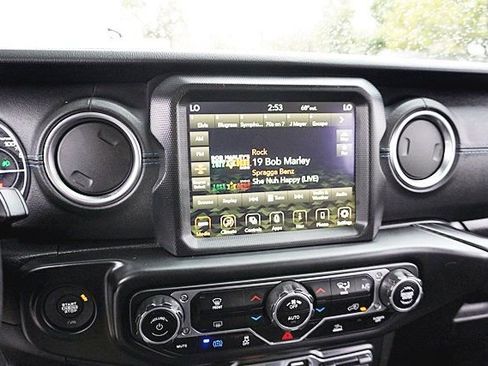 Used 2021 Jeep Wrangler Unlimited Rubicon 4xe image 27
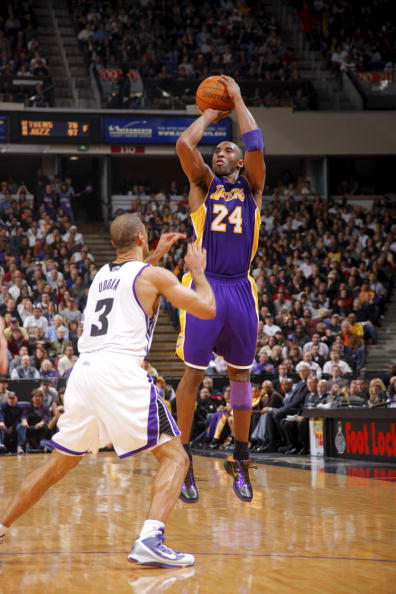 水平如何？菲利克斯训练中与门将本托互换角色，完成几次扑救（菲利克斯训练场客串门将，与本托互换位置多次完成扑救）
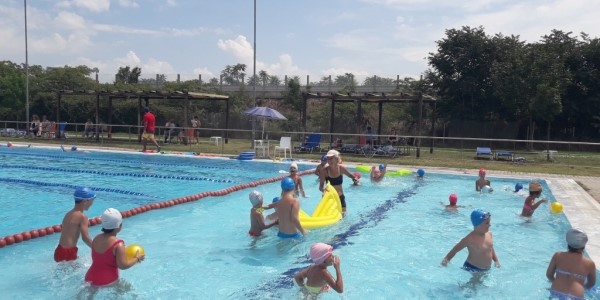 Μαθήματα κολύμβησης για αρχάριους ενήλικες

************

### Problem description
Exclude the pictures and print the rest of the data exactly.

### Written answer
 Used 2021 Jeep Wrangler Unlimited Rubicon 4xe image 27
 水平如何？菲利克斯训练中与门将本托互换角色，完成几次扑救（菲利克斯训练场客串门将，与本托互换位置多次完成扑救）
 Μαθήματα κολύμβησης για αρχάριους ενήλικες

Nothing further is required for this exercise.